Track initiation — the process of converting a detection hit into a confirmed track with estimated position, velocity, and covariance — requires multiple detections before the track is declared valid. The standard approach is M-of-N initiation: declare a track valid if M detections occur in N consecutive radar scans. Tighter M-of-N thresholds (e.g., 3-of-4) reduce false tracks but add latency equal to N radar scan cycles.

We use a 2-of-3 initiation criterion, trading some false track rate for 1-scan-period shorter initiation latency. The false tracks that slip through are handled by the EO/IR confirmation step, not by tightening the radar initiation criterion.

Stage 3: Sensor Fusion and Classification (Target: <80ms)

Once a radar track exists, the EO/IR sensor is cued to the track position. The cue handoff introduces a slew-and-settle delay: the EO/IR gimbal must slew to the track azimuth and elevation and achieve pointing stability before the image data is usable. For a fast-slew gimbal with 300°/s slew rate and a 0.1° pointing error requirement, settling a 45° slew takes approximately 200ms including overshoot damping — this is the single largest contributor to classification latency in most practical architectures.

We've addressed this by maintaining a predictive pointing mode: the gimbal continuously follows the radar track prediction ahead of actual slew requests, so that when the track initiation fires a cue command, the gimbal is already within 5-10° of the target bearing and the settle time drops to under 50ms.

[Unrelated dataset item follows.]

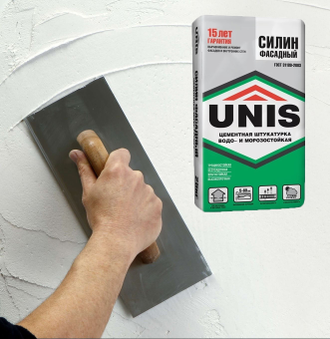 Штукатурка Юнис Силин Фасадный цемент для наружных и внутренних работ 25 кг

Classification inference — running the target signature through an AI classifier to determine threat type and confidence — runs on a GPU-accelerated inference engine. For a convolutional neural network operating on a 64×64 pixel EO crop and a 16×16 IR crop, inference time on an NVIDIA Jetson AGX Orin is approximately 8-15ms per frame. The challenge is not single-frame inference latency but classification confidence accumulation: a single frame classification at 73% confidence doesn't trigger engagement; a 3-frame running-average at 82% does. That confidence accumulation adds approximately 3 frame periods (100ms at 30fps) to the classification stage.

Stage 4: Engagement Authorization (Target: <200ms)

Engagement authorization is the step where automated threat assessment produces an engagement recommendation and presents it for human authorization or executes under pre-authorized rules of engagement. This is not a purely technical step — it involves the human decision cycle, and human decision latency is the least predictable variable in the system.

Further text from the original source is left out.